Search code examples
gitterminology

Understanding the output of git status with the short flag


$ git status -s
 M README
MM Rakefile
A  lib/git.rb
M  lib/simplegit.rb
?? LICENSE.txt

There are two columns to the output - the left-hand column indicates the status of the staging area and the right-hand column indicates the status of the working tree. So for example in that output, the README file is modified in the working directory but not yet staged, while the lib/simplegit.rb file is modified and staged. The Rakefile was modified, staged and then modified again, so there are changes to it that are both staged and unstaged.

The above is from Pro Git by Scott Chacon and Ben Straub and published by Apress.

I'm confused about the distinction between staging area and working tree. And I'll explain what I believe is to be true.

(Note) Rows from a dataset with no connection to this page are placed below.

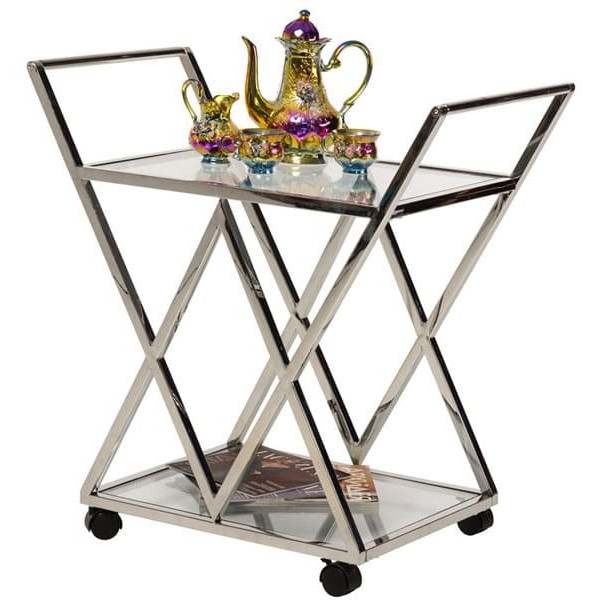 Сервировочный стол Vetro Mebel K-01 Прозрачный-серебро-1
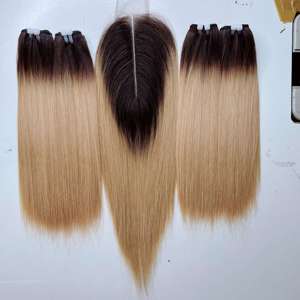 CDY แฮร์พีชแบบตรง สีออมเบร 613 บลอนด์น้ำตาล HD โปร่งใส 4x4 5x5  ทำจากผมแท้  ถอนขนมาแล้ว  ไรผมดูเป็นธรรมชาติ - Product Image 2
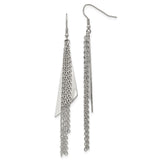 Stainless Steel Dangle Earrings with Multi-Strand Chain Tassels and Geometric Accents
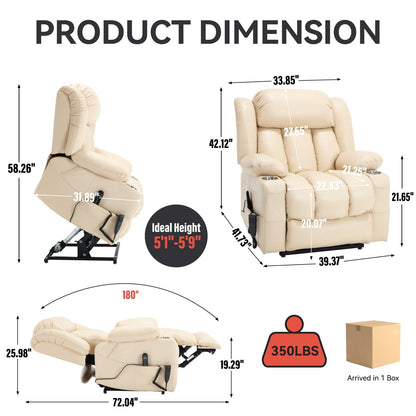 Fauteuil inclinable électrique à double moteur, position infinie, mécanisme de mouvement robuste avec massage et chauffage lombaire, porte-gobelets
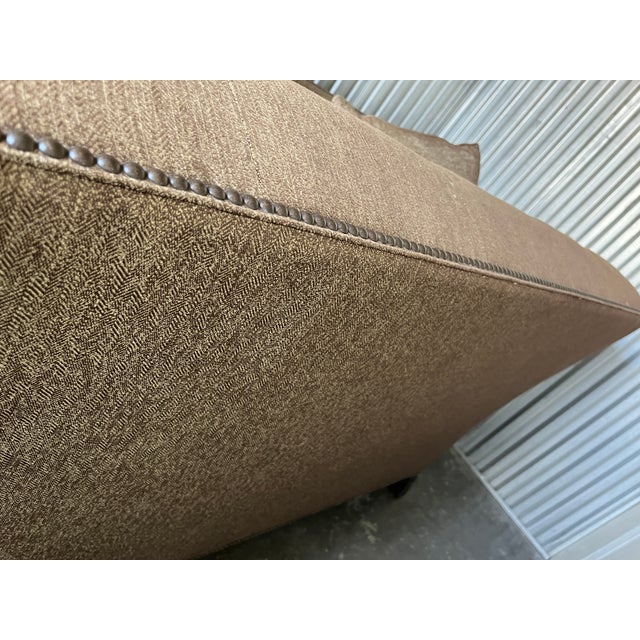 Chestnut Hickory Chair Custom Upholstered Loveseat, Chestnut Herringbone With Nailhead Detail For Sale - Image 8 of 9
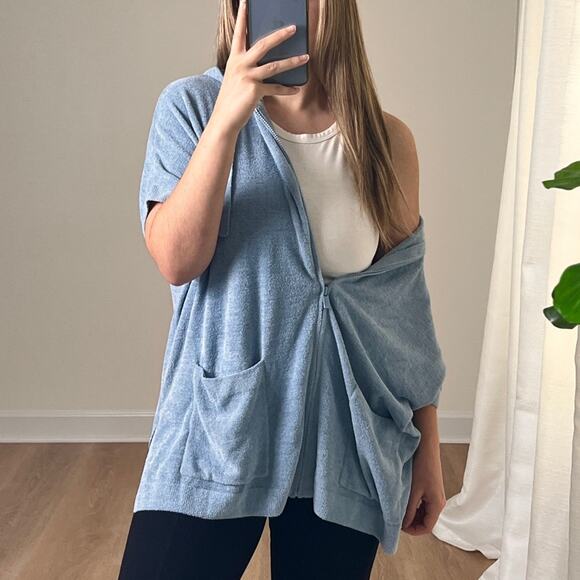 NEW Barefoot Dreams CozyChic Ultra Lite Short Sleeve Zip Up Hoodie XXS/XS Blue - Picture 1 of 9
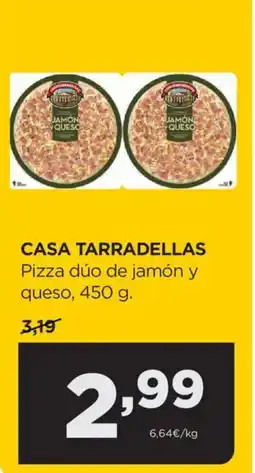 Alimerka CASA TARRADELLAS Pizza dúo de jamón y queso oferta
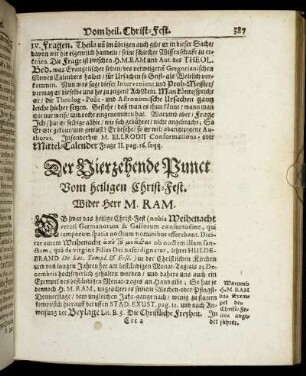 Der Vierzehende Punct Vom heiligen Christ-Fest. Wider H. M. Ram.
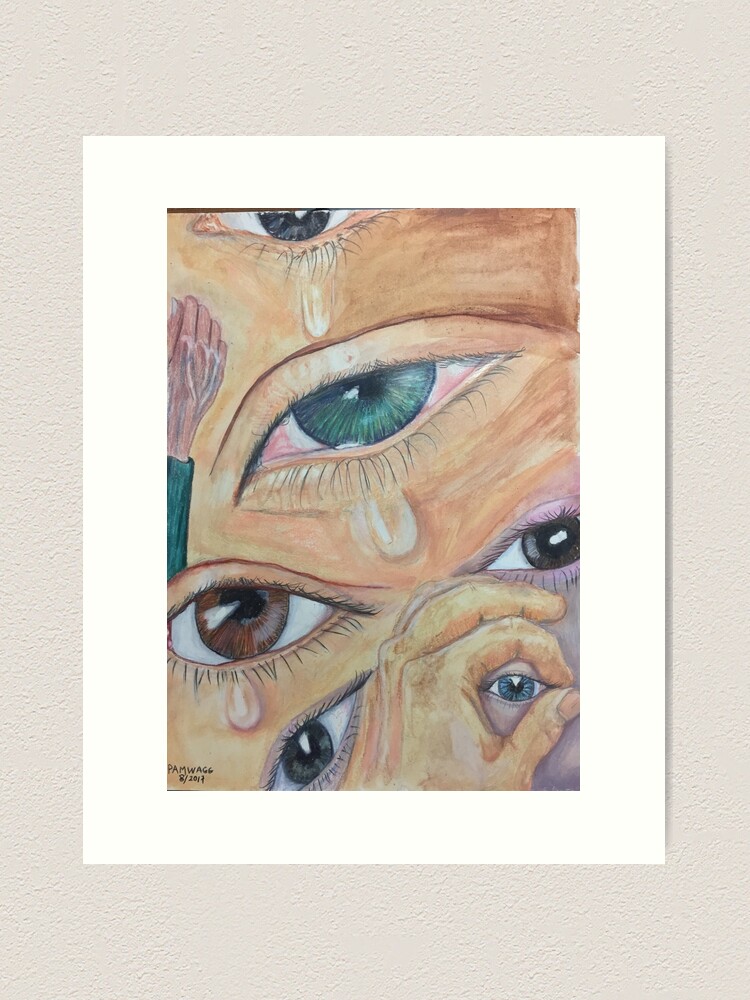 Thumbnail 2 of 3, Art Print, Crying Eyes and Hands designed and sold by Phoebe S. Wagner.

"the README file is modified in the working directory but not yet staged": We're not tracking this file. Still, Git understands that it has been modified. From the last snapshot.

"the lib/simplegit.rb file is modified and staged": after modification we've staged the file. All that is left is the commit.

"The Rakefile was modified, staged and then modified again, so there are changes to it that are both staged and unstaged.": Just like the previous file we have staged a modified file. What's next?


Solution

  • "the README file is modified in the working directory but not yet staged": We're not tracking this file. Still, Git understands that it has been modified. From the last snapshot.

    No, this is wrong: specifically, the file is staged (and the staged copy matches the HEAD copy, and this makes the file tracked). The tricky part with the staging-area is that it is normally mostly invisible. This leads people down the wrong path in trying to understand how it works.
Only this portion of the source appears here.